As the Center for Medicare & Medicaid Services prepares to enhance its Physician Compare website to include quality of care information, practices across the country are getting ready to share data on the care of their Medicare patients or face penalties come 2015.
Publicly reporting performance measurement data is something we have been doing for the past seven years with 16 communities across the country as part of the Robert Wood Johnson Foundation’s Aligning Forces for Quality initiative. These communities publish reports about the quality of care physicians provide so that the information can be used by everyone who gets, gives, and pays for care.
What we have seen in our work with physicians as we report data on their performance is something akin to watching someone go through the stages of grief. Physicians are initially a little defensive. They feel that their decisions when treating patients are nuanced, and can’t be judged by objective measures. Then, they deny the results, and often question the validity of the data itself. But gradually there is acceptance. They come to see that the data from measuring and reporting is a useful tool that can be used to help improve the care they provide day in and day out to patients. It is at that point when we see real potential to improve the quality of care.
The road to acceptance is not an easy one, and physicians tend to have conflicting perspectives on publicly available performance information. Some of us see value in learning how practices compare to national or local benchmarks to see where they can make improvements. But there is also concern whether the information that is reported is an accurate portrayal of the medical practice, or if the data is meaningful to patients.
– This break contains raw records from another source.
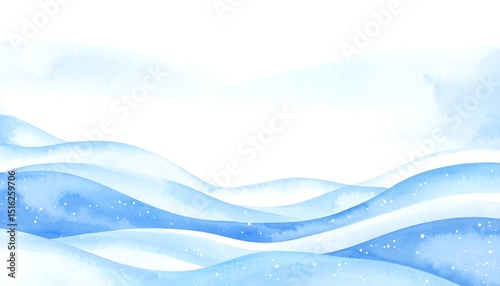 Blue Winter Landscape Watercolor.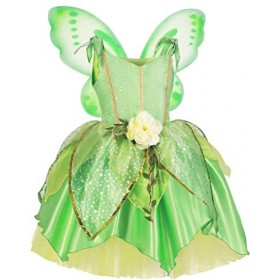 Foanja Tinkerbell Déguisement Robe avec Ailes Filles Fées Tinkerbell Tulle Paillettes Robes de Soirée Cosplay Halloween Carna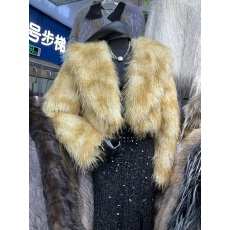 批发麻头MATOU 时尚百搭毛茸茸环保皮草外套女冬蓬松软糯长毛开衫外套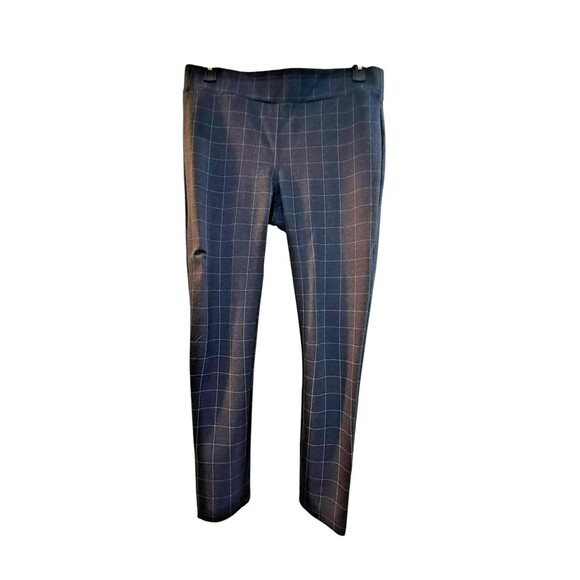 Loft Pants - Loft Womens Pants Size Large Blue Window Pane Plaid Pull On Stretch Straight Leg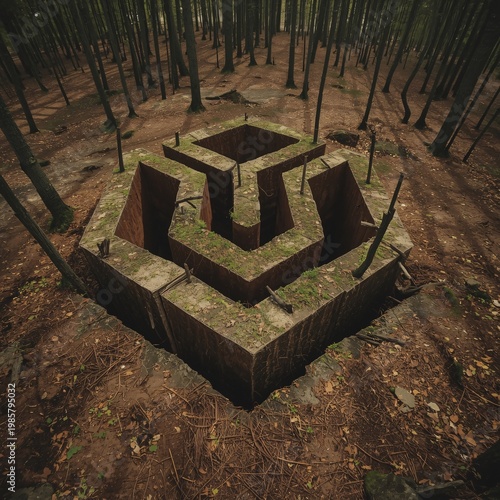 An ancient, enigmatic geometric labyrinth of weathered stone and moss, nestled deep within a dense, silent forest, creating a captivating scene of natural reclamation and mystery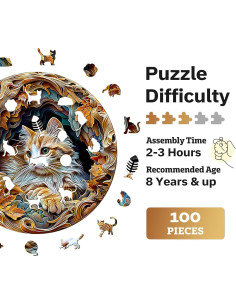 Rompecabezas 3D de Madera Jigfoxy Gato 100 Piezas 21.6cm 2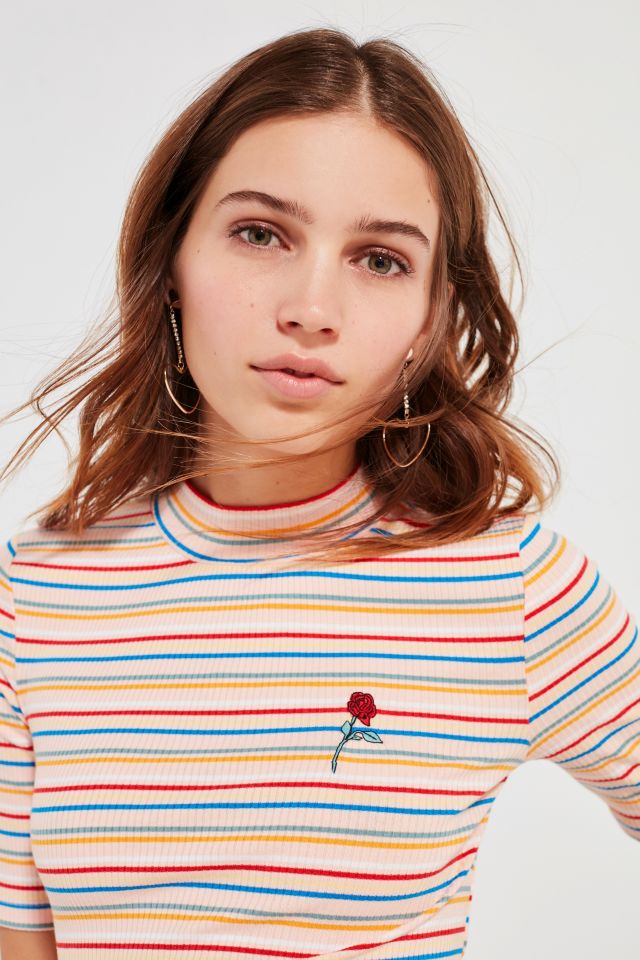 UO Zola Striped Mock-Neck Top #4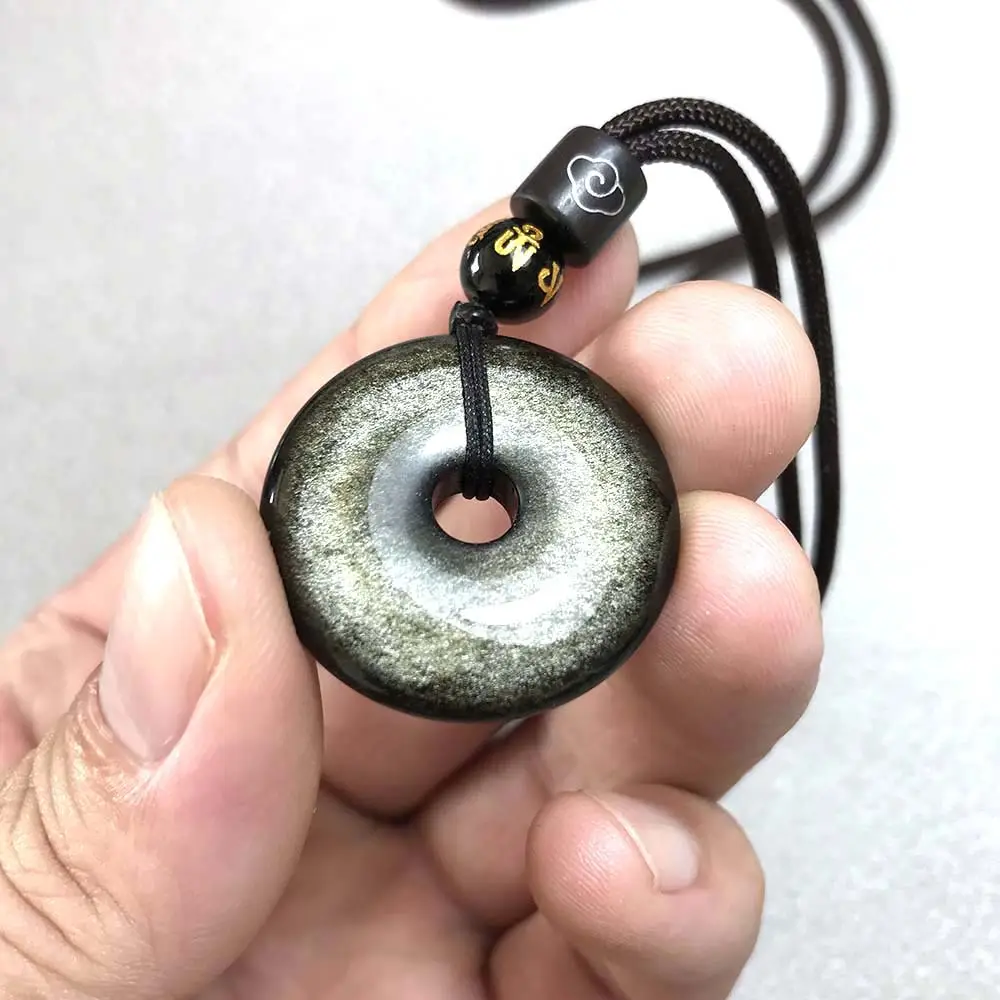 Natural Obsidian Safety Buckle Pendant Gold Obsidian Wood Variable Stone Pendant Foreign Trade Explosions Necklace Gem Pendant - Image 6
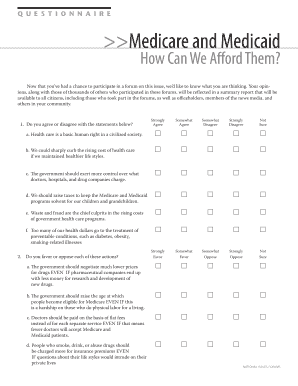 Medicare and Medicaid Questionnaire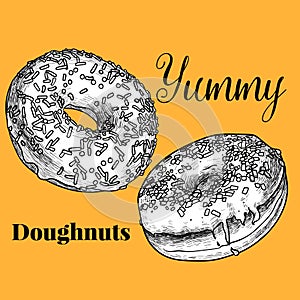 Black and white flying doughnuts on orange background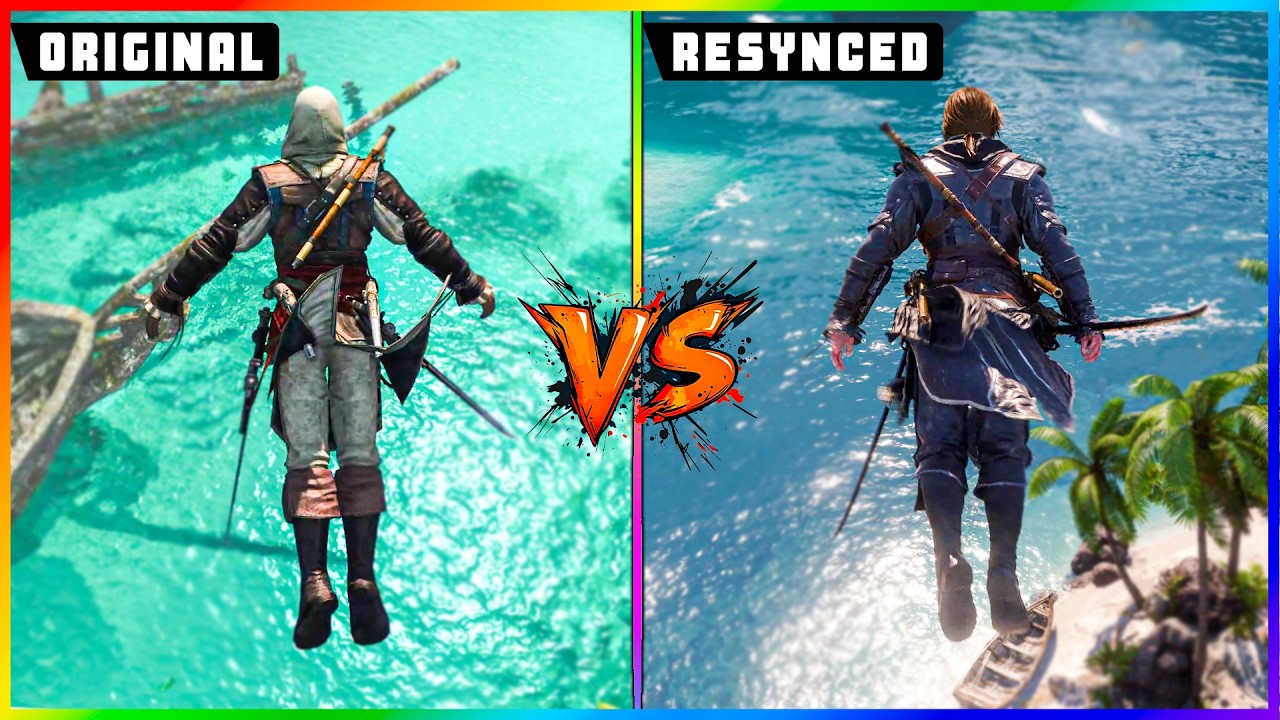 Assassin's Creed Black Flag Original vs Resynced | Parkour and Gameplay Comparison 🔥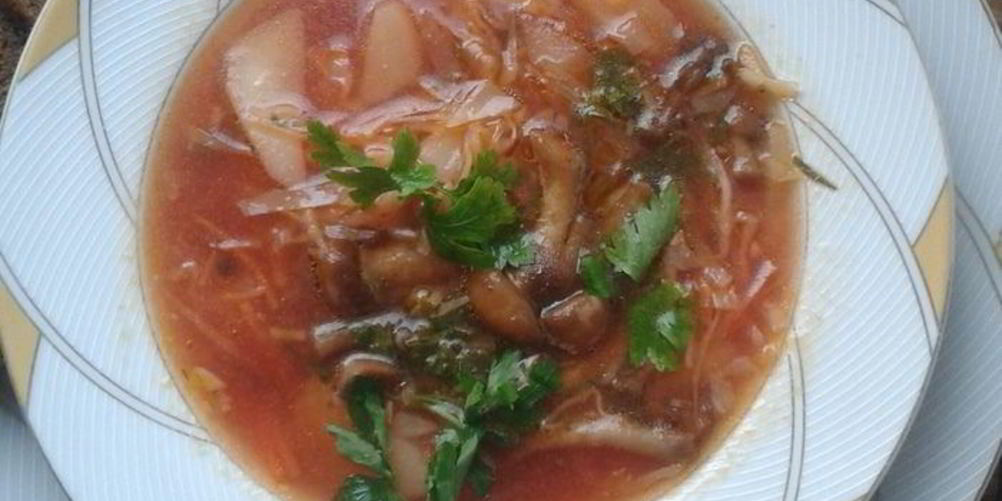 Рецепт постный борщ с опятами
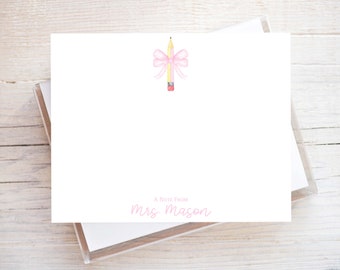 Personalized Teacher Flat Note Card, Woman Pencil Bow Notecard Set, Back to school stationery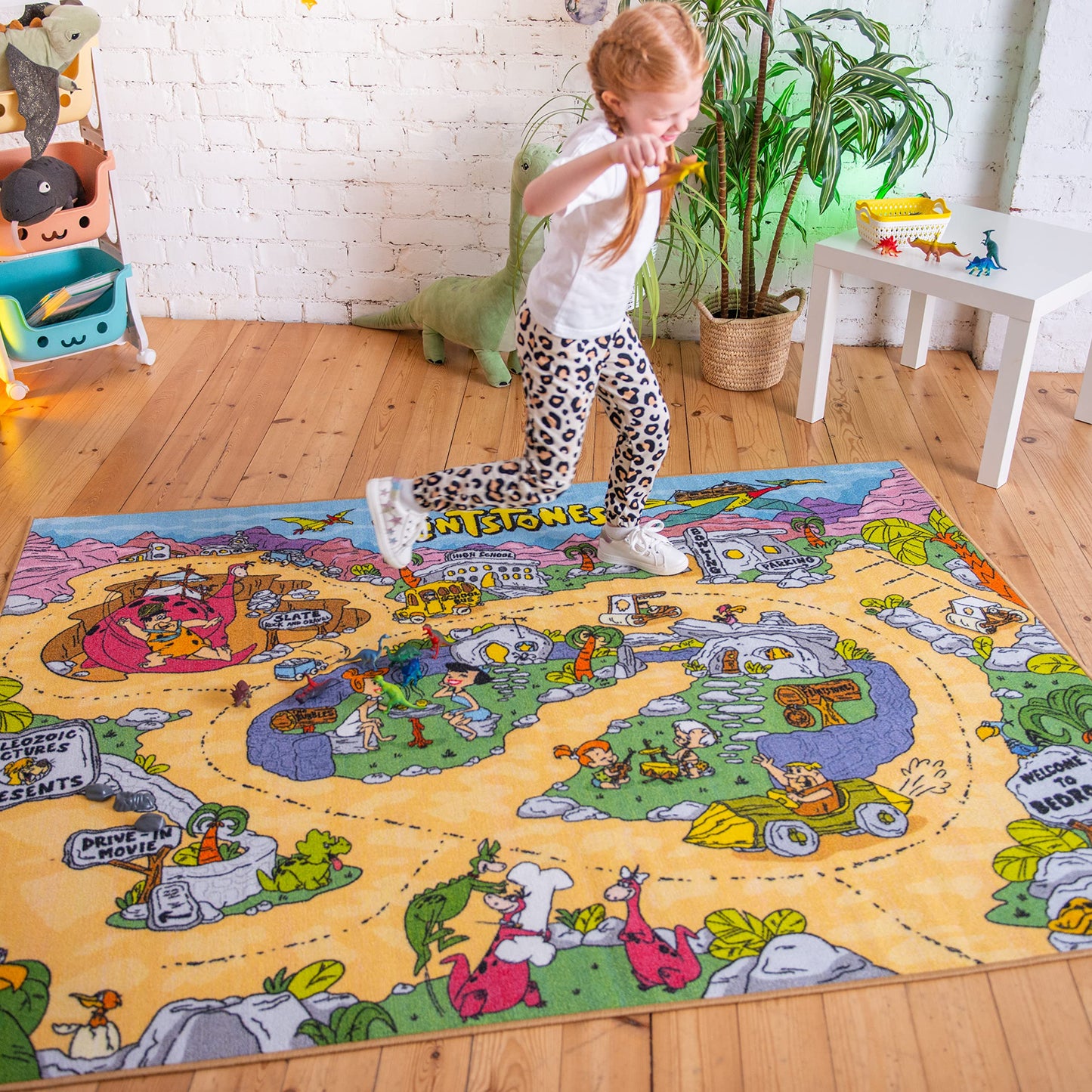 The Flintstones Bedrock City Adventure Road Play Rug 3x5| Kids Interactive Toy Car Play Mat Carpet for Toddler Classroom, Playroom & Baby Nursery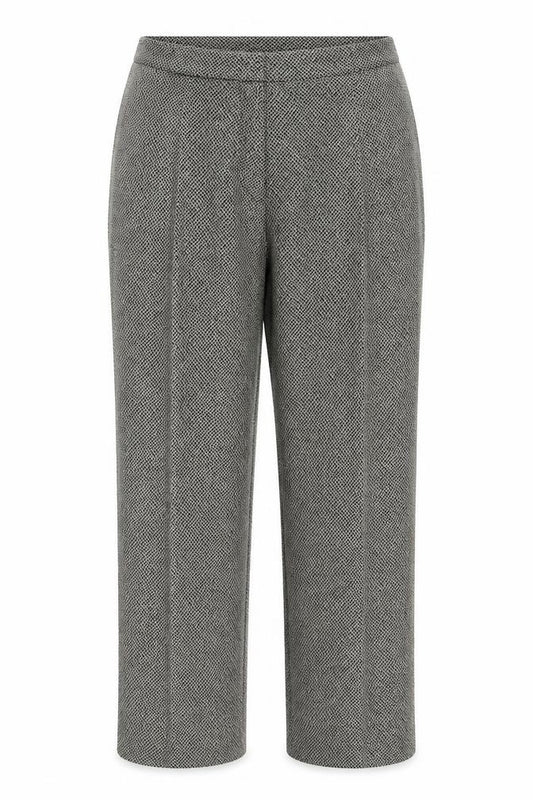 Front view of Authentic women’s beige animal print trousers, size UK 18, 29-inch leg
We’ve learned that motivating and engaging physicians are key factors in getting to the acceptance stage. In Wisconsin, when the Wisconsin Collaborative for Healthcare Quality began reporting performance data about its member practices, they were motivated to raise their game so they could be identified as a top performer and stay off the bottom rungs of the ladder. Practices improved performance on every one of the 14 reported ambulatory care measures, with the greatest improvements in diabetes-related measures.
The Health Collaborative in Cincinnati worked with its physician leadership group to engage physicians around data on diabetes care by providing group learning sessions and one-on-one coaching to the physicians. This resulted in a 7 percent increase in the number of primary care providers meeting the average rate of five key diabetes measures in the first year of the program.
In Cleveland, when Better Health Greater Cleveland reviewed its data on pneumonia vaccination among diabetes patients, it noticed that the MetroHealth System had the best performance. The alliance asked MetroHealth to share best practices with other systems so they could match the interventions. Vaccination rates in practices across northeast Ohio climbed from 70 to 82 percent in three years.
These improvements would have not been possible without transparent performance data. Public reporting of performance is not about playing gotcha. Rather, it is data that can make a difference. As we prepare for the Physician Compare enhancements, we hope the lessons we’ve learned can be brought to scale and that doctors will see the true value in performance measurement and reporting.
Robert Graham is national program director, Aligning Forces for Quality.